Question

(I) What is the repulsive electrical force between two protons\({\bf{4}}{\bf{.0 \times 1}}{{\bf{0}}^{{\bf{ - 15}}}}\;{\bf{m}}\)apart from each other in an atomic nucleus?

Short answer

The repulsive electrical force between two protons is \(14.4\;{\rm{N}}\).

Step-by-step solution

Understanding the electric force

A point charge exerts an electric force on another point charge in the vicinity.
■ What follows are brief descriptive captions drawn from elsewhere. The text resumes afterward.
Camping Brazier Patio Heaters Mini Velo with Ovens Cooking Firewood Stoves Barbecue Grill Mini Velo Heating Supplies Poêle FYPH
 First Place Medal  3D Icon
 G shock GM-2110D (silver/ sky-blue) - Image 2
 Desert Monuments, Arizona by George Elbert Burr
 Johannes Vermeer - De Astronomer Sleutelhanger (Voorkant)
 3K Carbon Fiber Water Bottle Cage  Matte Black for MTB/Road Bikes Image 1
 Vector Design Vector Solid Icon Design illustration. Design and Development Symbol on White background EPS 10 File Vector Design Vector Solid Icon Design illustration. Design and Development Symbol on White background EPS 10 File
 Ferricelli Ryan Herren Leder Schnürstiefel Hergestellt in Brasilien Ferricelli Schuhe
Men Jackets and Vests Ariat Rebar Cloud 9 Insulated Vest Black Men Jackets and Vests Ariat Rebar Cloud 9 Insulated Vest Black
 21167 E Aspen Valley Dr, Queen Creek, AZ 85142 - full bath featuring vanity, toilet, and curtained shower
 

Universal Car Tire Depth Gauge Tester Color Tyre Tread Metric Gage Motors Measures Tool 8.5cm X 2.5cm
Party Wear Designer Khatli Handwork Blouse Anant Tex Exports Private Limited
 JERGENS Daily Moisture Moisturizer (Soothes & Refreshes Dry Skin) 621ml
It could be attractive as well as repulsive depending upon the nature of the two charges.

The expression for the electric force is given as:

\(F = k\frac{{{Q_1}{Q_2}}}{{{r^2}}}\) … (i)

Here, k is the Coulomb’s constant,\({Q_1},\;{Q_2}\)are the charges and r is the separation between the charges.

Given Data

The separation between the protons is, \(r = 4.0 \times {10^{ - 15}}\;{\rm{m}}\).

The charge of a proton is, \(q = 1.6 \times {10^{ - 19}}\;{\rm{C}}\)

Calculation of magnitude of force

From equation (i), the electric force between protons is,

\(F = k\frac{{{q^2}}}{{{r^2}}}\)

Substitute the values in the above expression.

\(\begin{aligned}{l}F = \left( {9.0 \times {{10}^9}\;{\rm{N}} \cdot {{\rm{m}}^2}{\rm{/}}{{\rm{C}}^2}} \right)\frac{{{{\left( {1.6 \times {{10}^{ - 19}}\;{\rm{C}}} \right)}^2}}}{{{{\left( {4.0 \times {{10}^{ - 15}}\;{\rm{m}}} \right)}^2}}}\\F = 14.4\;{\rm{N}}\end{aligned}\)

Thus, the repulsive electrical force between two protons is\(14.4\;{\rm{N}}\).